That is not true. Jarrett is likely referring to Lemon’s appearance on Jennifer Welch’s podcast, where he said that the congregants of Cities Church don’t practice “the type of Christianity that I practice” and that that’s because they’re “entitled.” He later explained that he believes that entitlement comes from “a supremacy, a white supremacy, and they think that this country was built for them,” and that they believe the U.S. “is a Christian country.”

“It’s religious freedom, but only if you’re a Christian and only if you’re a white male, pretty much,” Lemon said, which is an observation that would explain why people like Jarrett see the protest as an “attack” on Christians even though it was Christians who were protesting.

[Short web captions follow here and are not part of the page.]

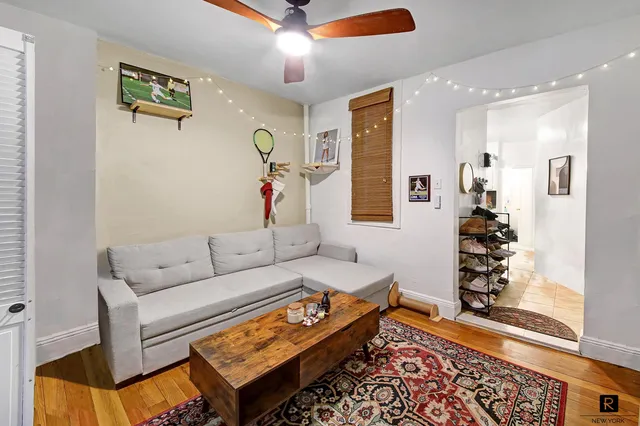 $285,000 | 244 East 90th Street, Unit 2A | Upper East Side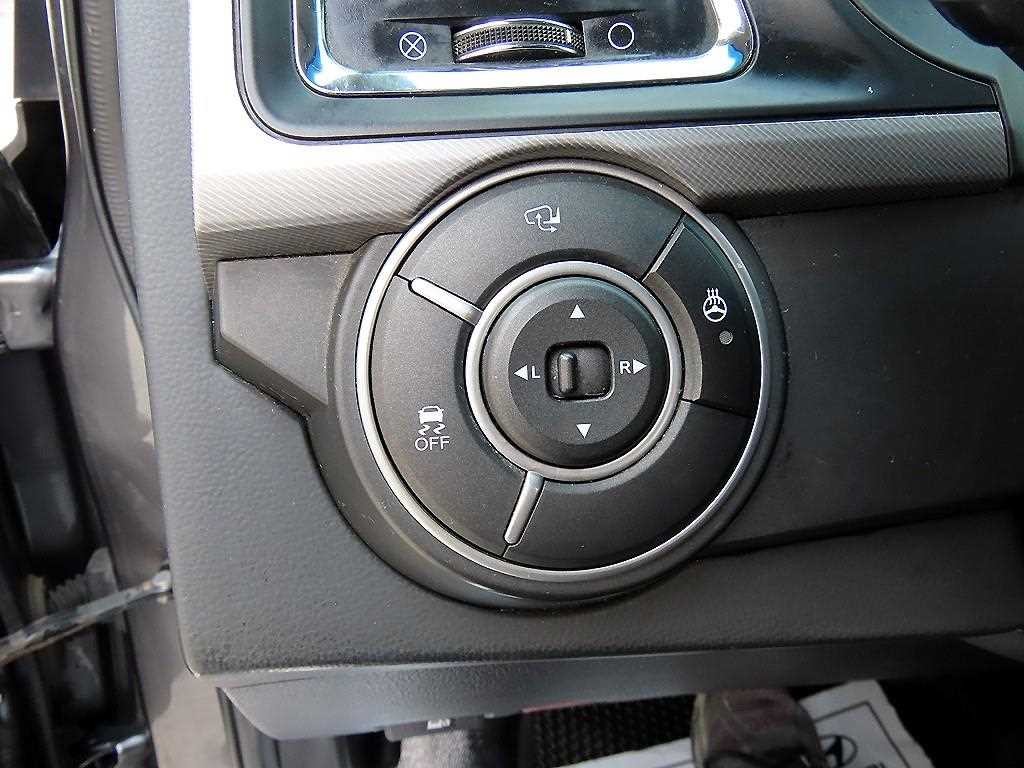 KG모빌리티(쌍용) 코란도 더뉴코란도스포츠 CX7(4WD) 클럽 이미지 12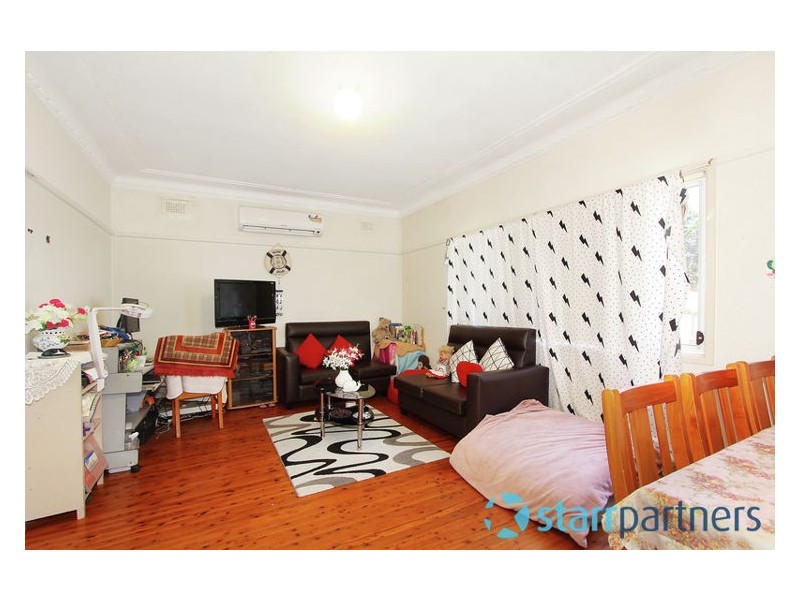 66 Ballandella Road, Toongabbie NSW 2146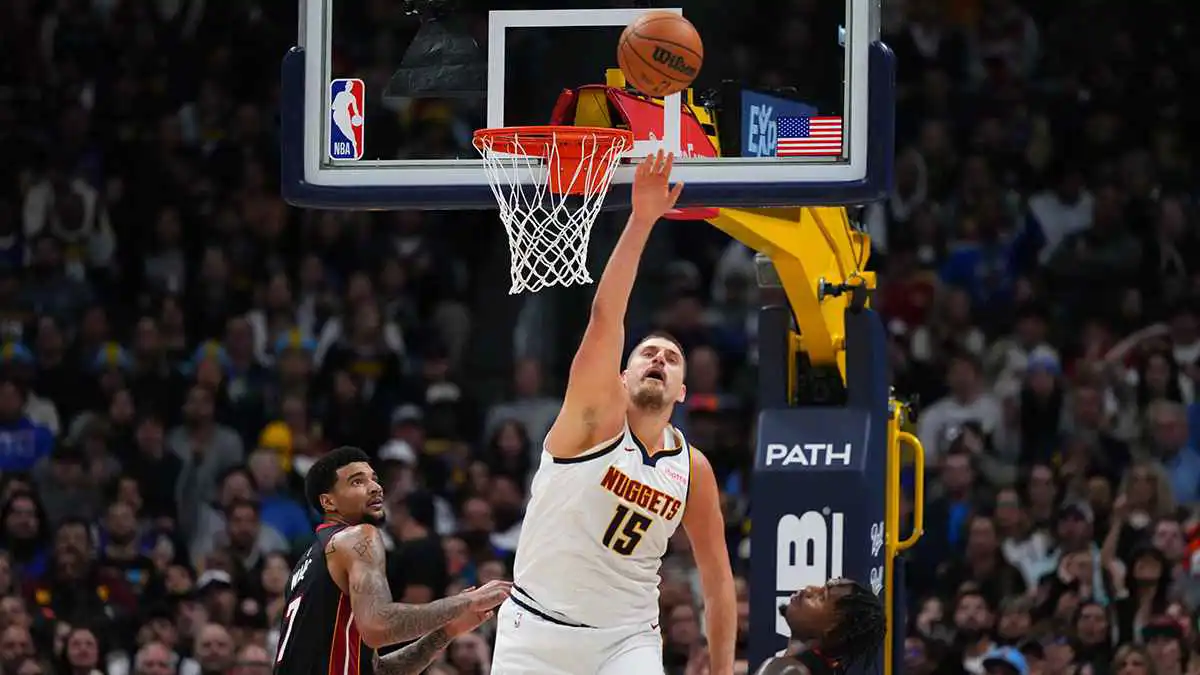 NBA.. ميامي هيت يكتسح هورنتس في دوري السلة الأمريكي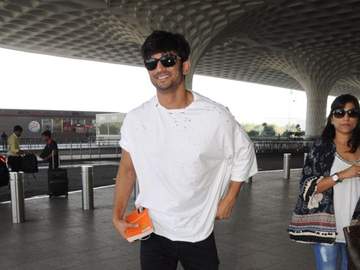 It's not always that easy, but I'll tell you what, it often is . Go for it ~  #SushantSinghRajput  #selfmusing Airport hunk .This thread is for you  @In5iyahA 
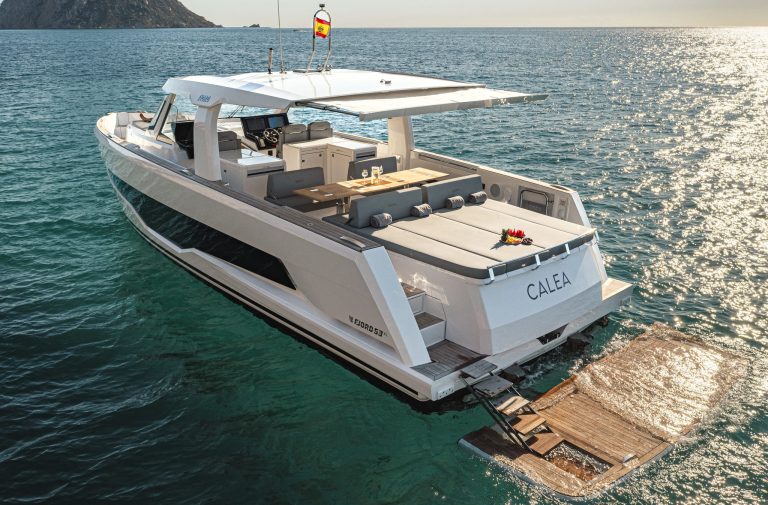 Stern of Fjord 53XL Calea - Yacht in Ibiza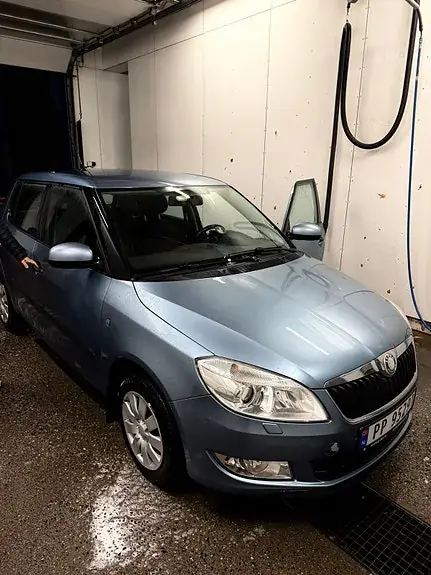 Skoda Fabia 2011 photo 3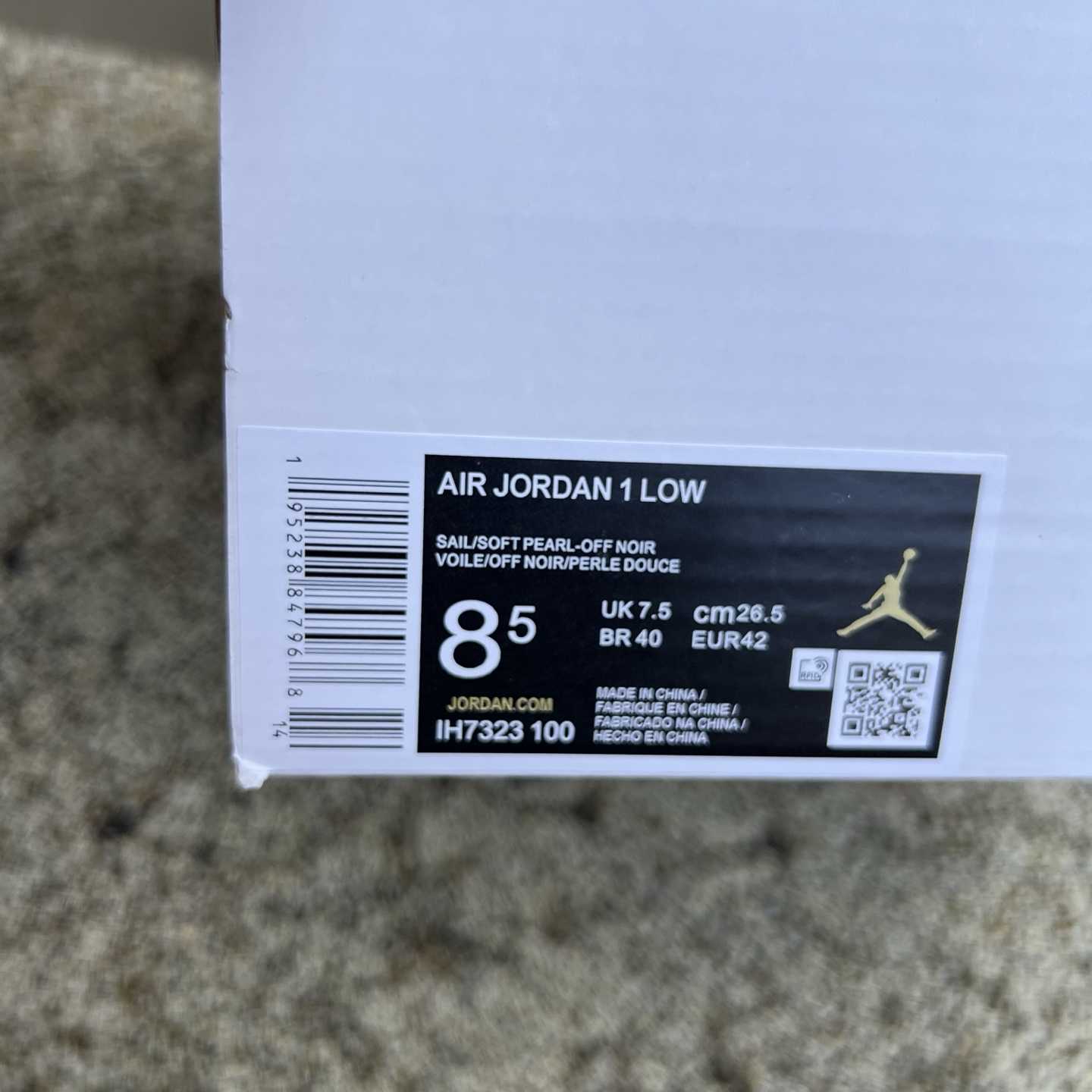 Jordan Air Jordan 1 Low   IH7323-100 - DesignerGu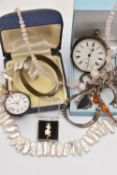 AN ASSORTMENT SILVER AND WHITE METAL, to include a silver hinged bangle, hallmarked, approximate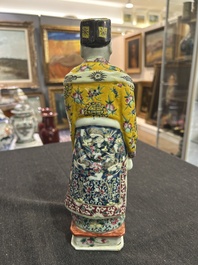 A Chinese famille rose figure of a scholar, 19th C.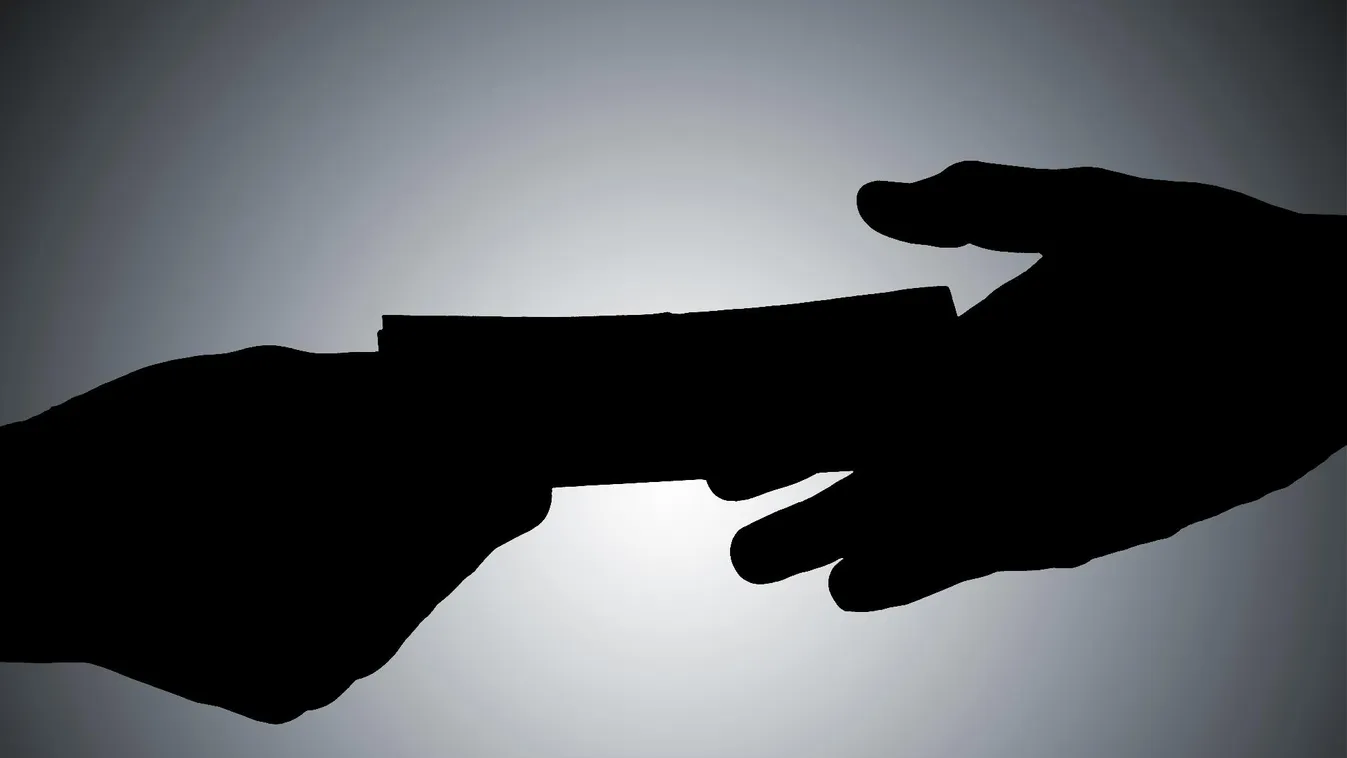 Pénzmosás miatt vádat emeltek nyolc ember, köztük két ügyvéd ellen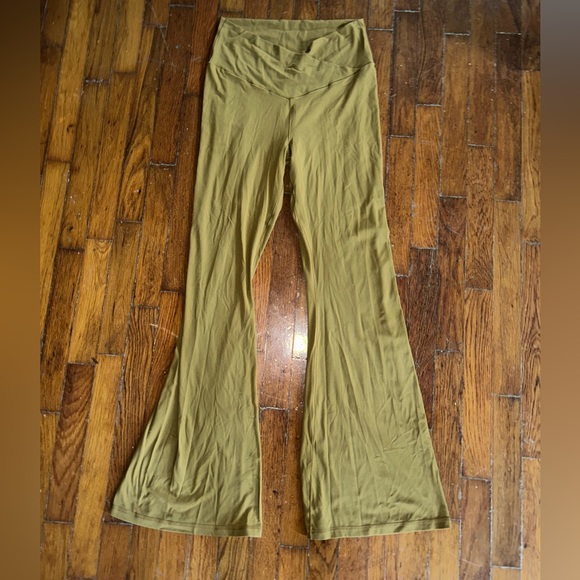 Aerie off line flare crossover leggings! Size XL! - Picture 2 of 3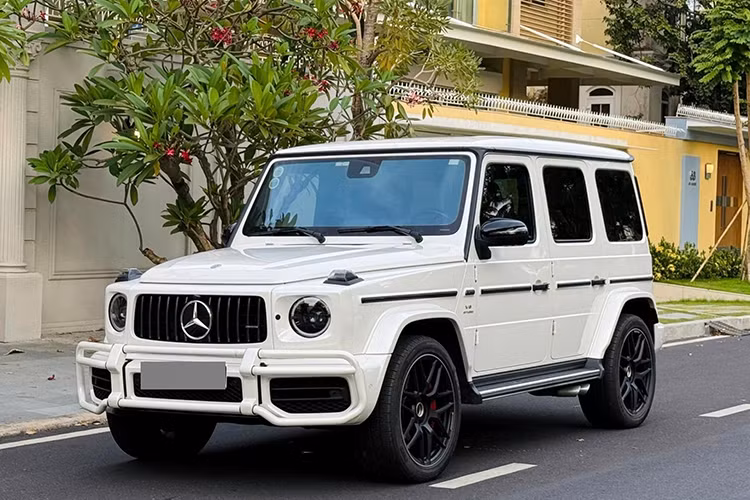 Ngoài ra, xe còn đi kèm gói AMG Driver Package, giúp nâng tốc độ tối đa lên 240 km/h. Chủ xe chia sẻ, đây có thể là chiếc G63 duy nhất tại Việt Nam có gói tùy chọn này, vì hãng chỉ cung cấp cho những khách hàng có chứng chỉ đào tạo AMG. Đặc biệt, xe có 1 chìa khoá để mở giới hạn tốc độ tối đa 240 km/h.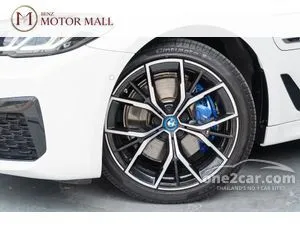 2024 BMW 530e 2.0 M Sport Sedan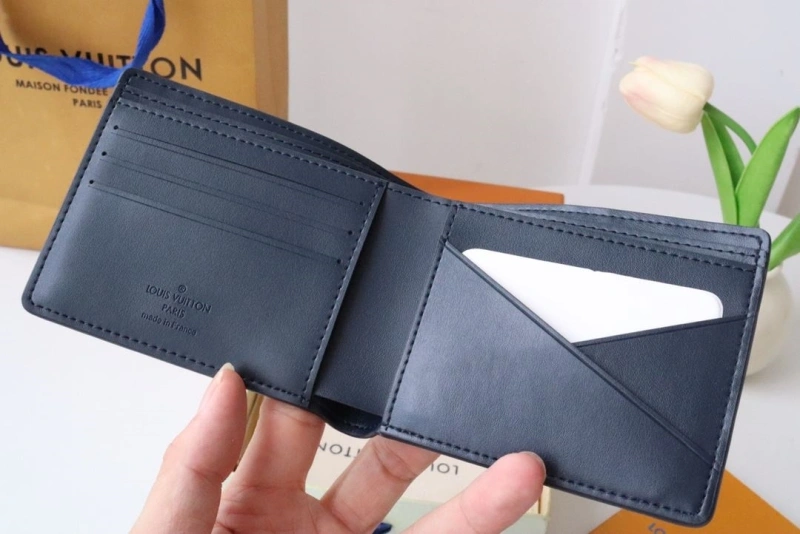 LX Wallets Refined 18892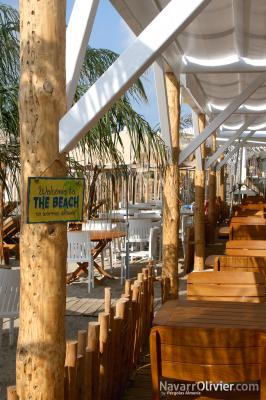Restaurante de playa desmontable en madera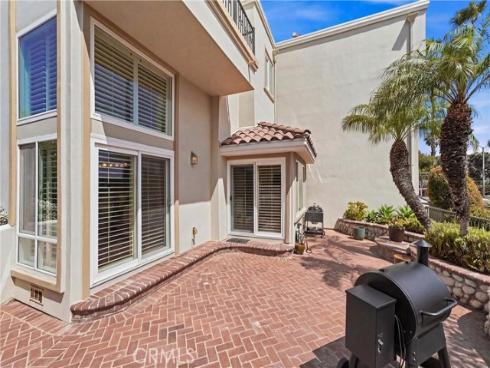 6051  Broadstone Circle  , Huntington Beach, CA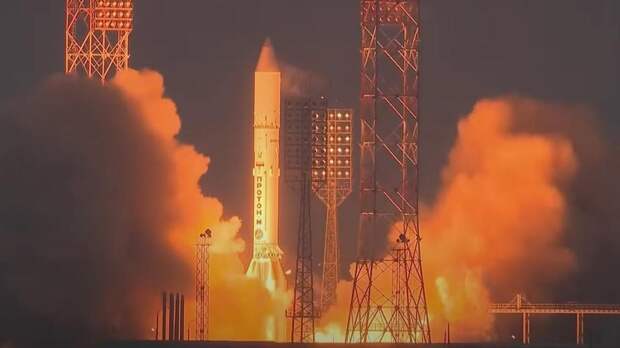 Запуск ракеты-носителя "Протон-М" с космодрома "Байконур"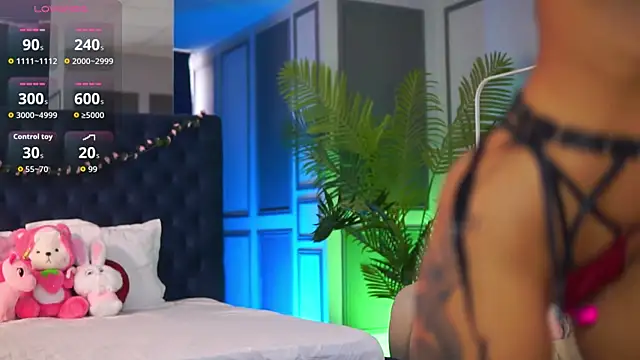 ZenyaNoir online show from February 13, 10:55 am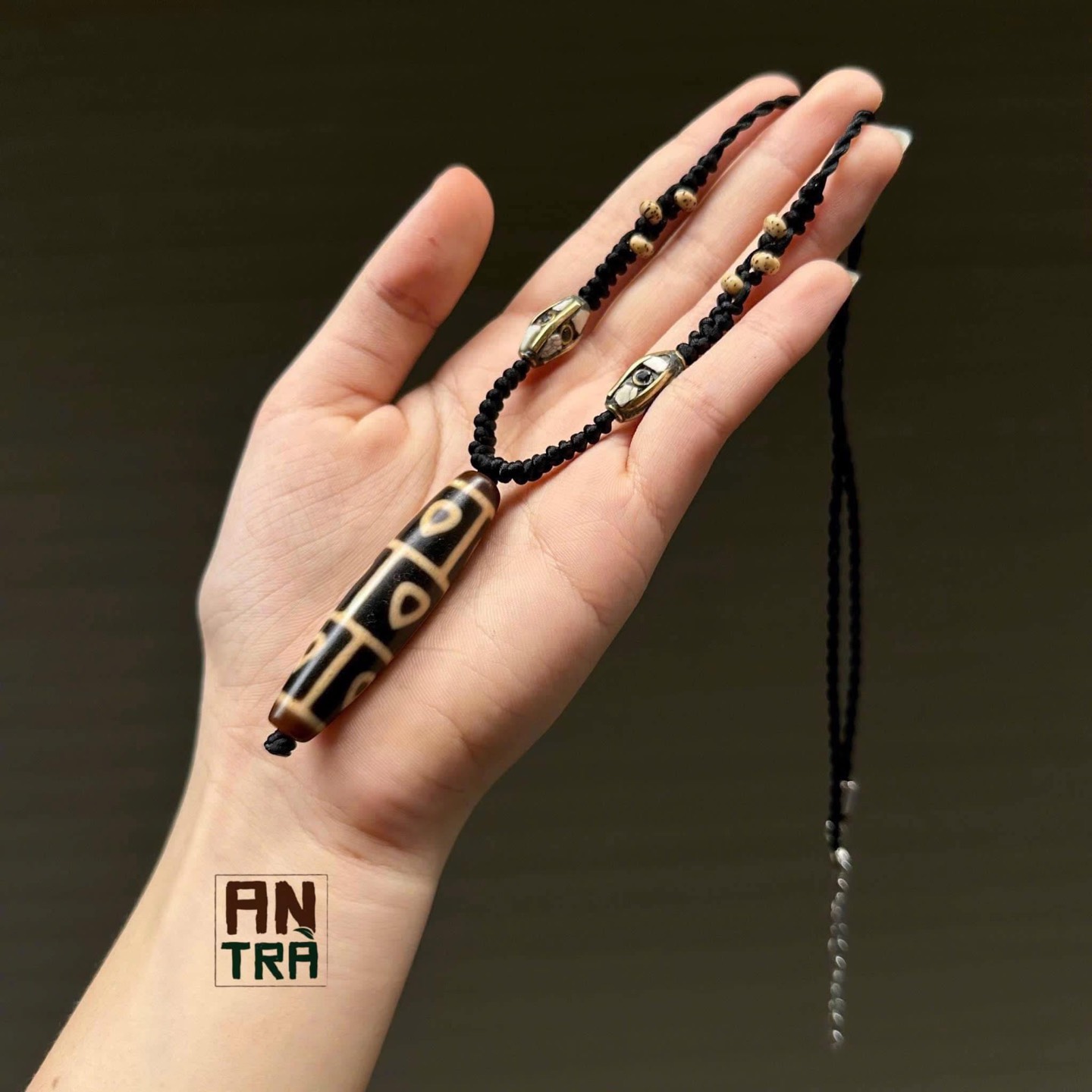 Vòng Dzi 9 mắt thân dầu size dài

Then Jarrett said that Lemon should face hate crimes charges because Lemon and the protestors were, according to him, trying to intimidate people for being white.

“You know, it’s not just a despicable remark, but it tells me that they were taunted because of their race, which qualifies as a hate crime,” Jarrett said. “I would have charged him with that.”

Many people witnessing ICE activity in Minnesota say they are seeing agents target people of color. The mayor of St. Paul described how ICE agents are “going door to door” and arresting people “by the way that you look and the way that you sound.” ICE is also facing a lawsuit for allegedly racially profiling its victims.

The Department of Homeland Security denies that ICE is engaged in racial profiling.

But this disparity in who is getting harassed, arrested, and kidnapped by ICE agents may explain why Lemon noted that the mostly white and conservative Cities Church congregants were not too bothered by ICE’s activities.